Plus, returning to my first point, when Marion steps into the shower she has resolved to return the money and fix things; she finally believes herself alone and unserveilled. She gets a few moments of release and relaxation before her end.
Is that a toothpick in the bloody bathtub?
In the middle, towards the bottom of the frame. Whose toothpick is that? A deliberate detail, or a leftover from the film’s crew?
The woman in the hardware store echoes the gossip in Blackmail
After Norman finishes cleaning up the murder scene, we cut to a scene in a hardware store where Sam and Lila Crane will meet and begin their investigation into Marion’s disappearance. The scene begins as a woman is pickily selecting the best insecticide for her home, and I point this out primarily because she reminds of the gossip in Hitchcock’s Blackmail (1928), who casually waxes gossipy over the best kinds of killing: “Knives is not right. A good honest whack over the ‘ead with a brick is one thing. There’s something British about that.”

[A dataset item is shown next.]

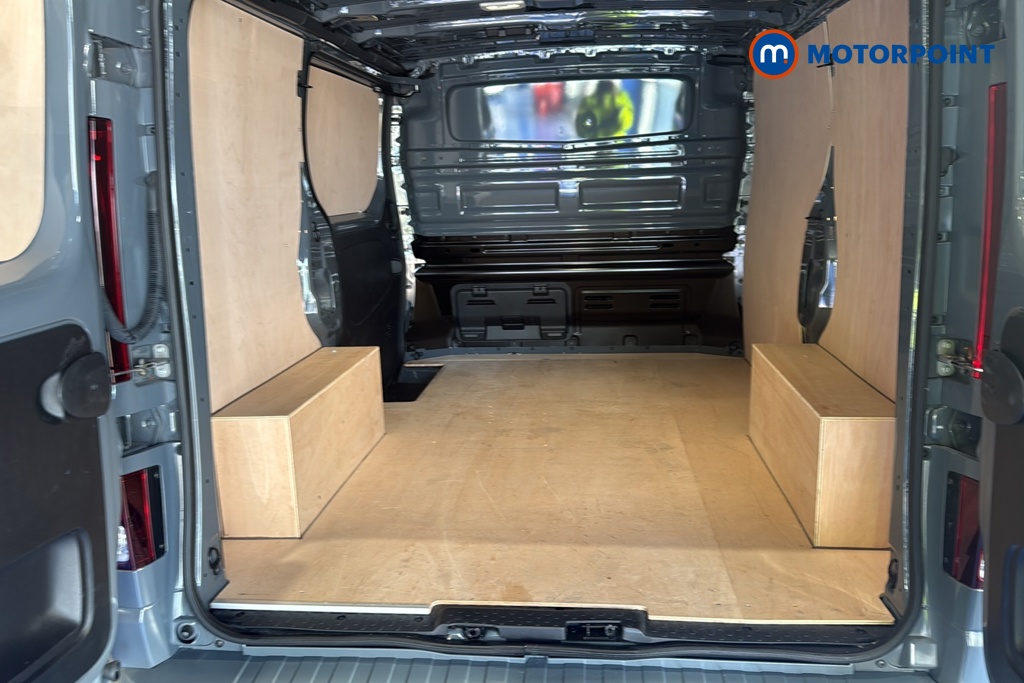 Renault Trafic Extra Sport Manual Diesel Panel Van - Stock Number (1679178) - 30th supplementary image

The purpose of both characters is, I think, quite straightforward – add a little light relief and slyly ironic humour – two people casually banging on about violent death without realising how close they are to it. I hadn’t spotted the similarities before.
The shower curtain rings
I don’t know why I noticed this, and I don’t even know if it’s of any significance, but this is the kind of thing that happens when you force yourself to look closely at a movie. When Norman leaves the bathroom after wrapping Marion’s body in the shower curtain, we can see the arrangement of the rings left behind on the curtain rail. Near the end of the movie, when Sam and Lila are searching the Bates Motel for clues about Marion’s disappearance, Sam notices the absence of the shower curtain. And the rings are still in exactly the same arrangement. This started me thinking about what must have been done to make these two scenes match. It may be the case that these scenes, far apart in the script, were shot on the same day on the same set, so the rings had not been moved, but it’s more likely that the somebody took great care over continuity and made sure that the rings matched up in the two shots. If the rings had been differently arranged in the later scene, it wouldn’t have mattered: we could just have assumed that Norman had been back into the room to check it was clean and disturbed things. But because the scene is precisely as Norman left it after the murder, the set now tingles with Marion’s absence.
It’s always interesting what we notice on the second…fifth…umpteenth time watching a great film like this. All interesting observations; I am particularly taken by the interpretation of the shower curtain rings. Oddly enough, I always took Marion’s “I’ll lick the stamps” line as a sign of her quasi-desperation and not Sam’s inadequacy—and certainly never as (the now obvious to me) sexual innuendo.